Each record below is to be copied word for word, with pictures removed.

### [Dataset extract]

********

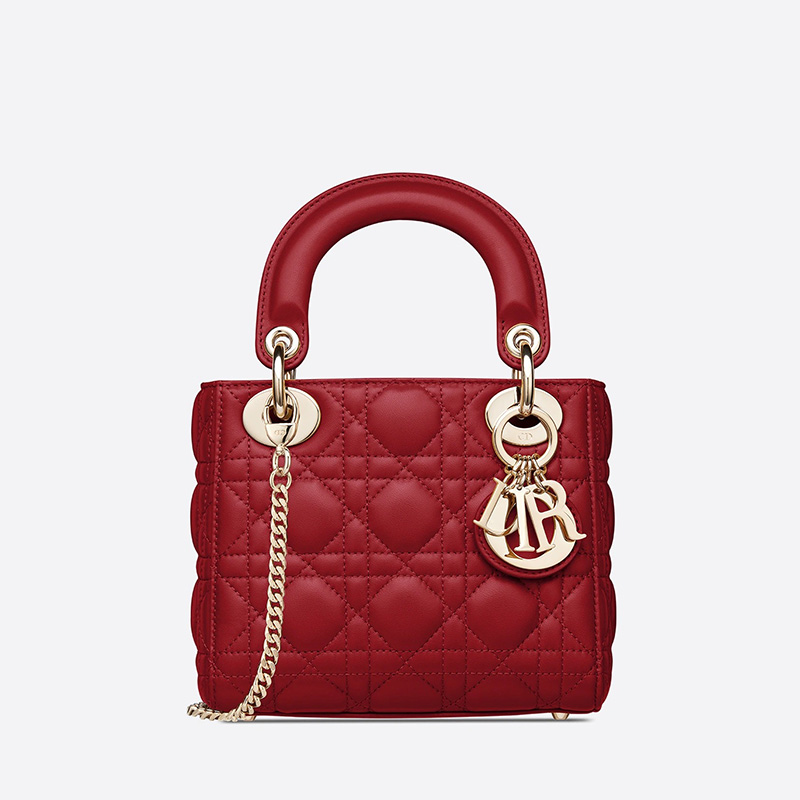 Mini Lady Dior Bag Cannage Lambskin Red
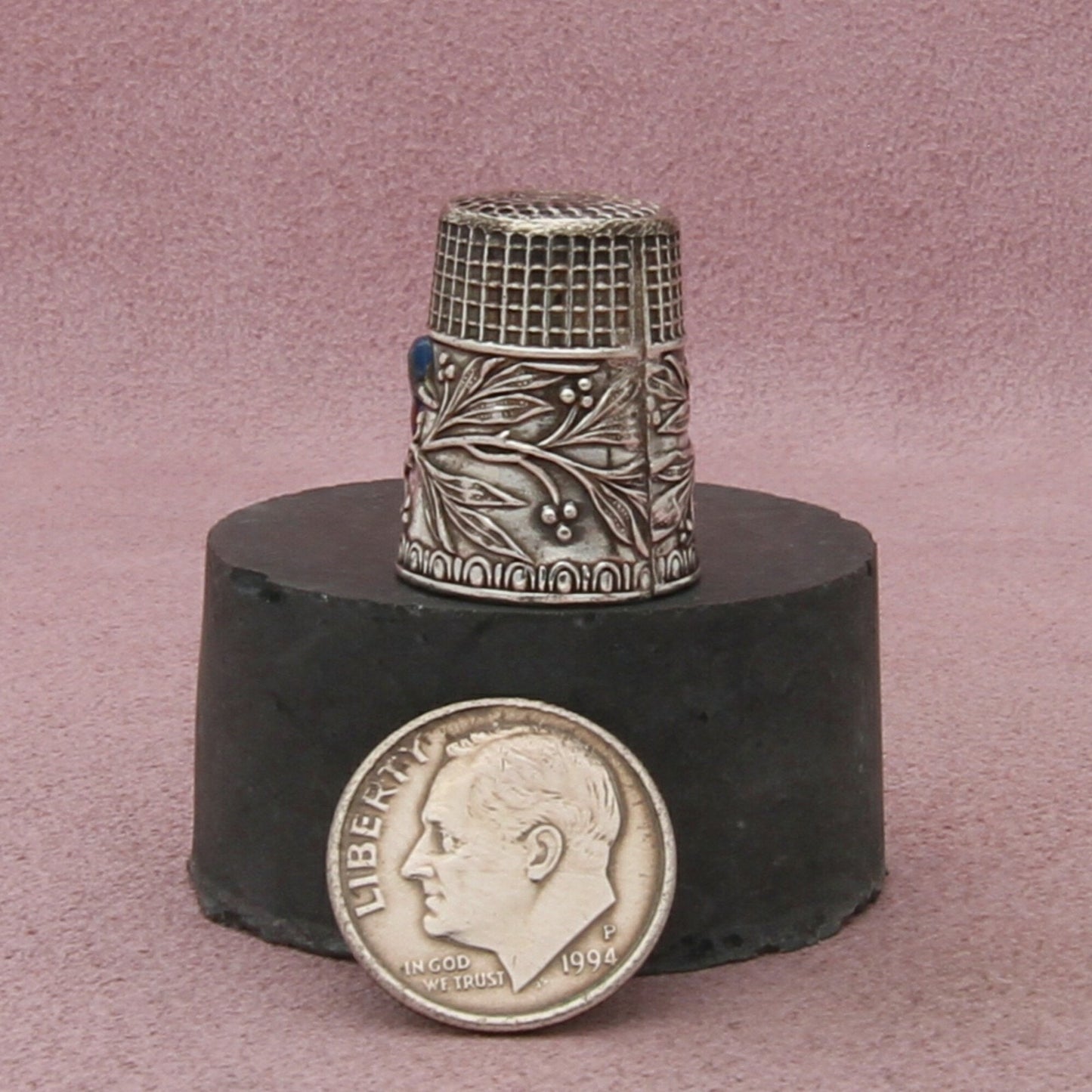 sterling silver vintage hand-painted blue bird sewing thimble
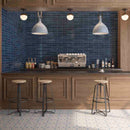 Persia Blue Subway Wall Tile 2.5x16 featured on a coffee bar
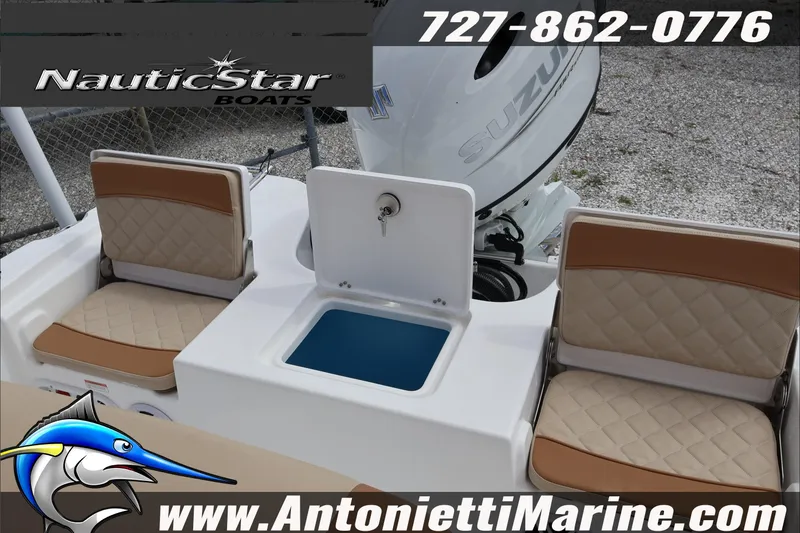 Slide: The Image of 2026 NauticStar 191 Hybrid boat interior with seating and Suzuki engine, Antonietti Marine branding. - 22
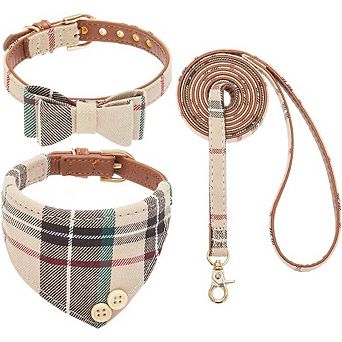 Classic Plaid Dog Collar Leash Bowtie Set
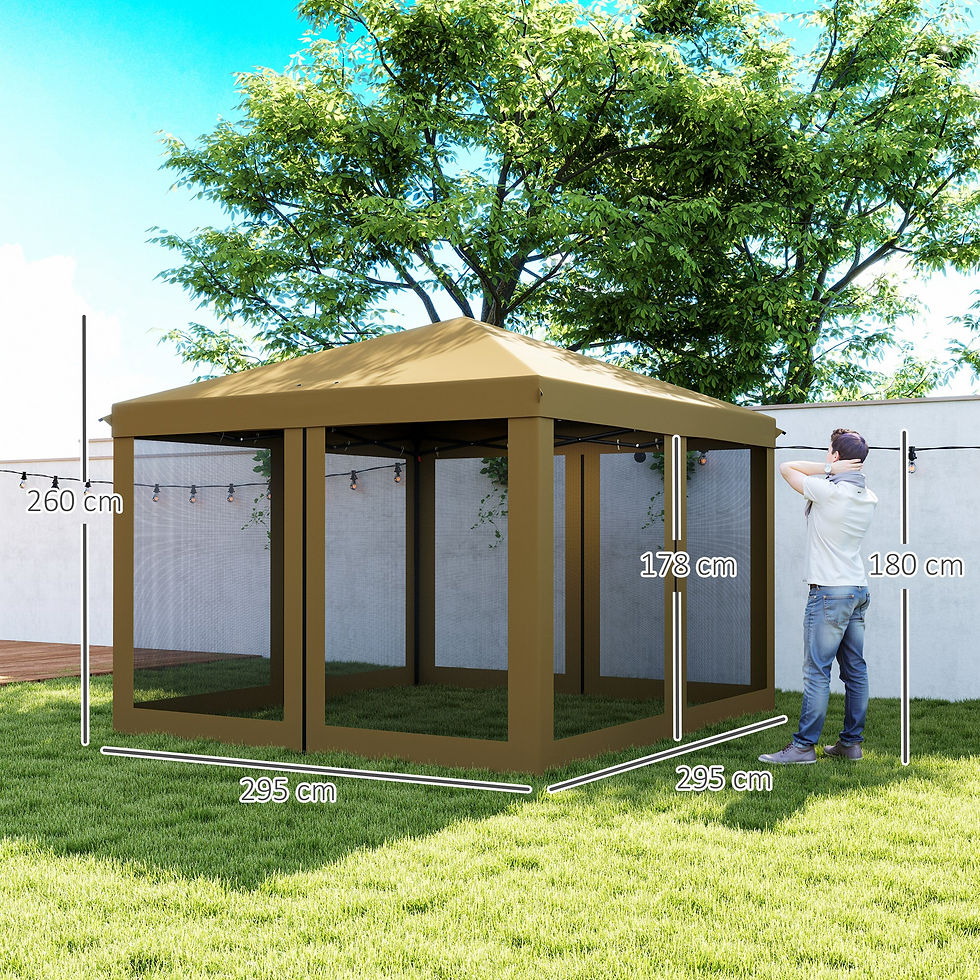 Thumbnail: 3 x 3 m Pop Up Gazebo, 420D Garden Tent Canopy with Removable Mesh Sidewall Nett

********

### [Output of the task]
 Mini Lady Dior Bag Cannage Lambskin Red
 sterling silver vintage hand-painted blue bird sewing thimble
 Persia Blue Subway Wall Tile 2.5x16 featured on a coffee bar
 Slide: The Image of 2026 NauticStar 191 Hybrid boat interior with seating and Suzuki engine, Antonietti Marine branding. - 22
 Classic Plaid Dog Collar Leash Bowtie Set
 Thumbnail: 3 x 3 m Pop Up Gazebo, 420D Garden Tent Canopy with Removable Mesh Sidewall Nett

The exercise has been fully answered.